When I picked June up from daycare on Monday I watched her for a minute through the window into her classroom. When she saw me standing out there, her face lit up. This is not unusual. What was special this day was that she sat down and started crawling toward me with a huge smile on her face. After I picked up all the little shattered pieces of my exploded heart, I walked into the classroom. She continued to crawl toward me while giggling until I picked her up. May I never forget what this felt like.

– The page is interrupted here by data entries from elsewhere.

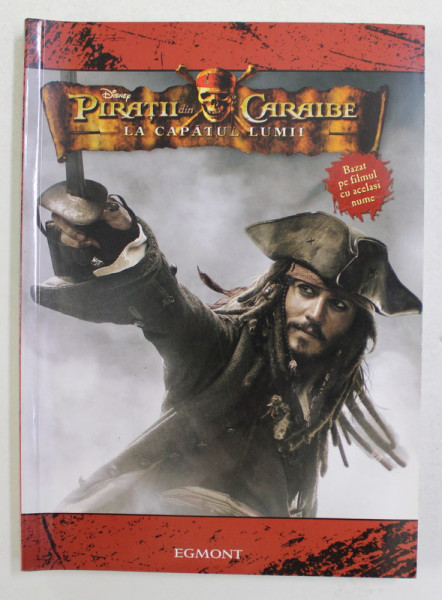 PIRATII DIN CARAIBE - LA CAPATUL LUMII , 2007 * PREZINTA HALOURI DE APA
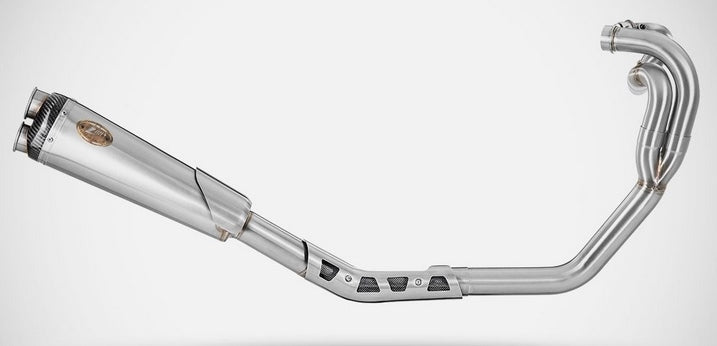 Stainless.Steel E5+ Full Kit And Carbon End-Cap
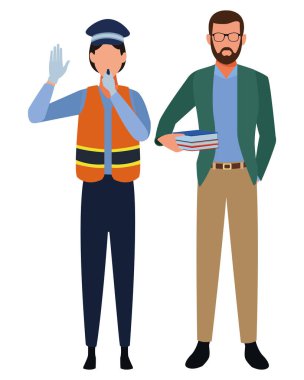 İşleri ve profesyonel çalışanlar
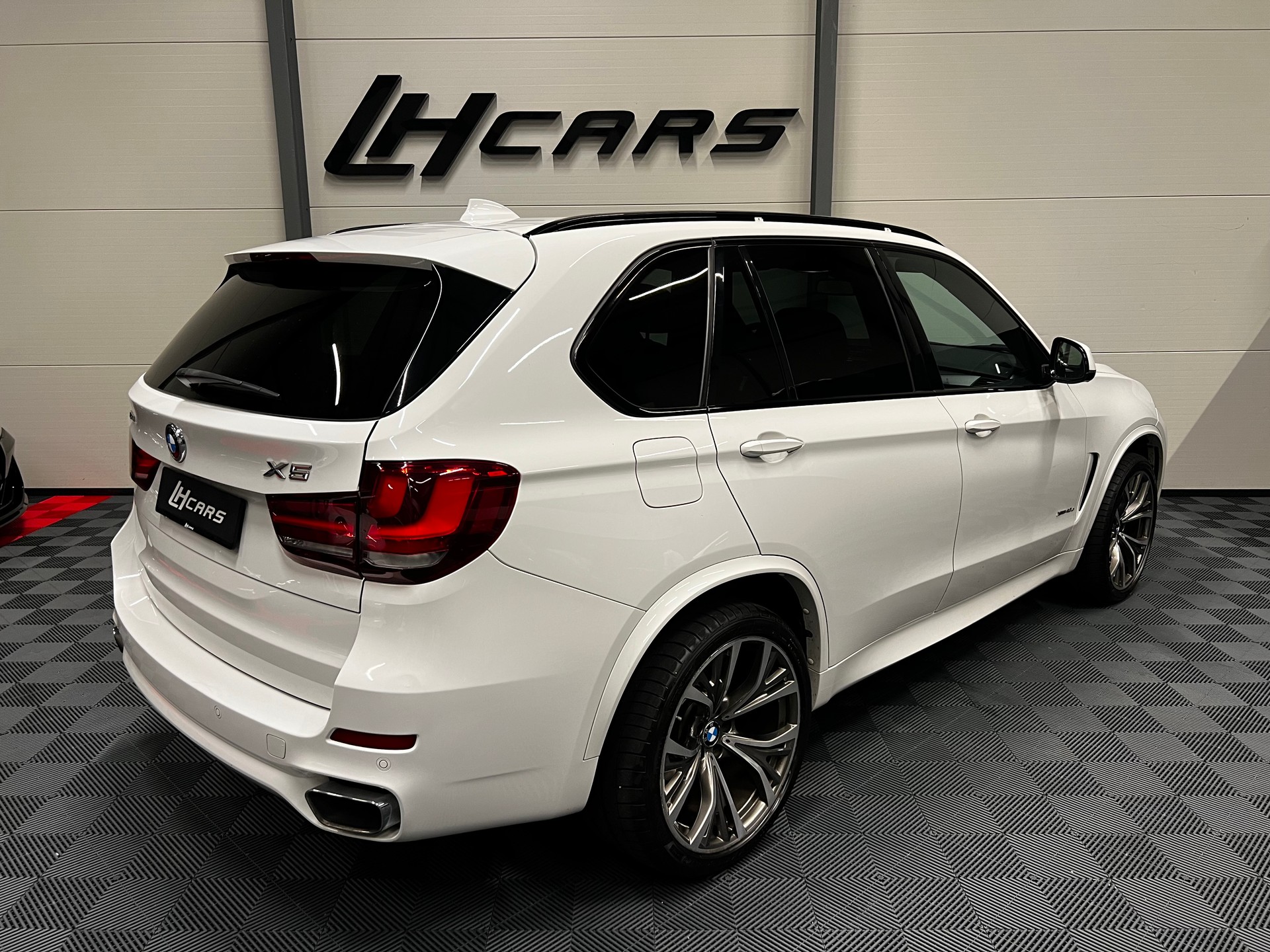 BMW X5 40e xDrive paddles M-Sport-image-3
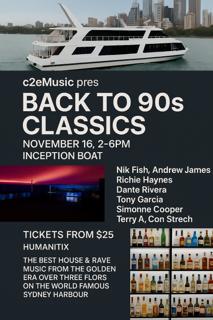 C2Emusic Pres Back To 90S Classic Boat Party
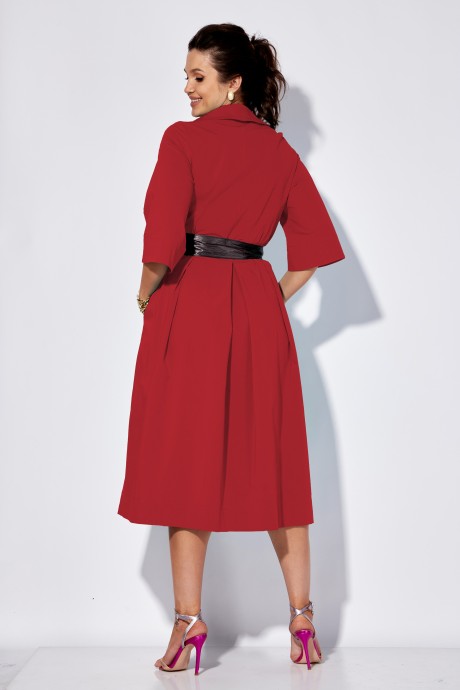 Вечернее платье Anastasia 1097 красный размер 46-52 #3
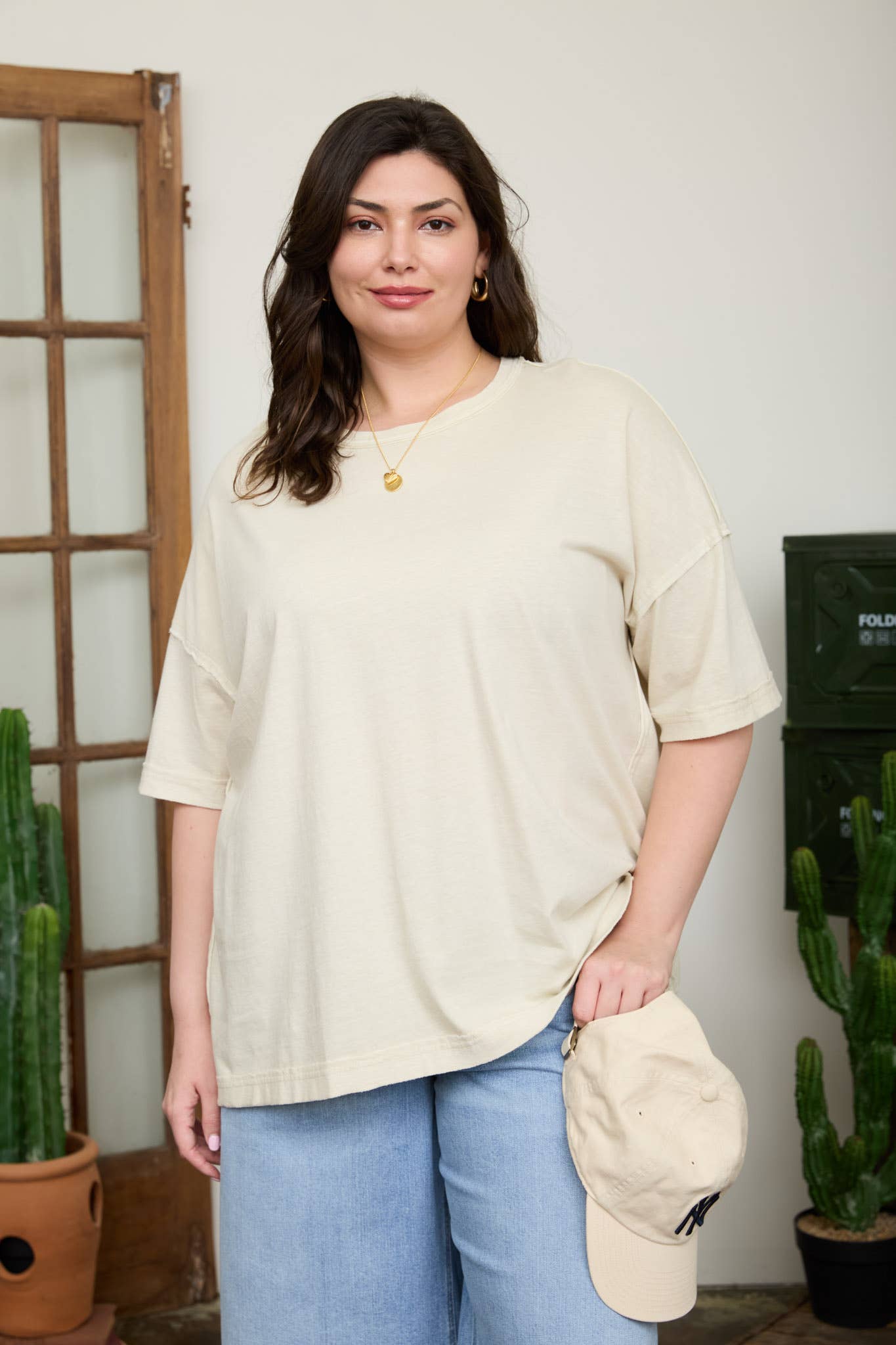 Plus Washed Away Tee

The other night, after feeding June, she started to fall asleep in my arms. I pulled her up so she was leaned against my chest and she fell deeper asleep. Unless she’s in a carrier I always set her down in her crib when she’s sleeping. But I was alone and the house was quiet and her face was turned up toward mine and I just held her while she slept. And her Binky fell out, and her little mouth kept making that little sucking movement in her sleep. And her little face was so peaceful and trusting, and she looks just like a little combination of Michael and me. May I never forget what this feels like.
Michael takes June to daycare in the mornings so I say my goodbyes before they leave. This morning I gave June a kiss on the lips and she gave me a kiss back. Her version of a kiss was an open mouth with tongue out, which I found so funny that I gave her three more kisses. By the last time she leaned forward and gave a little gasp in happy anticipation. May I never forget what this feels like.